In Italia non esistono esempi di realtà così strutturate ma anche nel nostro Paese c’è chi crede nel lavoro come mezzo di riscatto soprattutto quello stancante, ma gratificante di una cucina. Nel carcere di Volterra ad esempio fino a fine giugno vengono organizzate le “cene galeotte”: otto appuntamenti (un venerdì sera al mese) organizzati tra le mura del penitenziario dove il menu è preparato dai detenuti guidati dall’esperienza di importanti chef tra cui Riccardo Monco dell’Enoteca Pinchiorri, Vito Mollica del Four Seasons di Firenze, Luciano Zazzeri del ristorante La Pineta di Marina di Bibbona. Questi momenti di incontro professionale possono diventare per qualcuno un’importante esperienza formativa per imparare un lavoro e garantirsi un futuro fuori dalle mura del carcere per non ripercorrere gli errori del passato.

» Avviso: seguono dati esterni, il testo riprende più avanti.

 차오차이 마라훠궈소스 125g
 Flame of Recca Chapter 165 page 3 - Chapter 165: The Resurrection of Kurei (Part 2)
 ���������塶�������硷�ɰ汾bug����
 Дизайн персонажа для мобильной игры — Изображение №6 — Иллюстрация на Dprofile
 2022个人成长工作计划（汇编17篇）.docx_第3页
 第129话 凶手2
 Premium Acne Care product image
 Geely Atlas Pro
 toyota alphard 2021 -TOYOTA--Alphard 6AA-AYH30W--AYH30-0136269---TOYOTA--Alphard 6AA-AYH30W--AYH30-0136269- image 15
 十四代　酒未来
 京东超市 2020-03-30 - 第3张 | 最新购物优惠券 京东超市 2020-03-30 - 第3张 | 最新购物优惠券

Sempre in Toscana, nel cuore del centro storico di Lucca  (piazza San Francesco 4) è stato inaugurato il ristorante la Pecora nera che impiega giovani disabili intellettivi. Gestito dalla cooperativa sociale Cose e Persone, rappresenta una delle prime strutture di questo genere in Italia e vuole favorire la possibilità di un’inclusione sociale e lavorativa. Il ristorante è il punto di arrivo del progetto “Gente come noi”, che ha coinvolto la Provincia di Lucca realizzando il corso “Cucina e creatività”, cui hanno partecipato alcuni ragazzi con sindrome di down e che adesso sono impegnati ai fornelli. Anche il ristorante I ragazzi di Sipario di Firenze si propone l’obbiettivo di garantire un futuro ai ragazzi disabili che hanno in questo modo la possibilità di vivere una vita normale. In Via dei Serragli 104, lavorano 17 ragazzi coordinati da una cuoca professionista. A Solara di Bomporto in provincia di Modena chi ama la cucina genuina può trovare una piccola trattoria denominata Lanterna di Diogene gestita dall’omonima cooperativa sociale dove lavorano un gruppo di ragazzi disabili. Con i soldi chiesti in prestito a una banca, hanno ristrutturato una piccola cascina di campagna dove hanno dato vita al loro progetto: qui cucinano, coltivano l’orto e allevano animali da cortile, asini e cavalli. Nasce dall’idea che i malati psichici vadano inseriti nella società attraverso il lavoro, il Caffè Basaglia di Torino che prende il nome da Franco Basaglia, lo psichiatra che trent’anni fa si è battuto per la chiusura dei manicomi. Qui lavorano 20 persone che cucinano e servono in tavola assistiti da due infermieri dell’Asl e coordinati da un barman e un cuoco professionisti.

Nata per accogliere chi difficilmente può trovare un posto di lavoro è anche la cooperativa sociale Harissa che ha aperto l’omonima osteria in Via Tonini 16/a a Rimini. I gestori dell’Osteria sono 6 amici, due dei quali diversamente abili e propongono una cucina caratterizzata sull’utilizzo di prodotti biologici equo solidali, puntando soprattutto sui piccoli produttori della zona. Tra le proposte in menu ci sono i salumi di Mora Romagnola, razza suina autoctona presidiata da Slow Food, i formaggi biologici realizzati con il caglio vegetale. Anche l’olio e il vino provengono da produttori locali. Nel totale rispetto dell’ambiente il servizio in tavola e quindi piatti e posate è totalmente realizzato con materiale di riciclaggio, biodegradabile al 100%.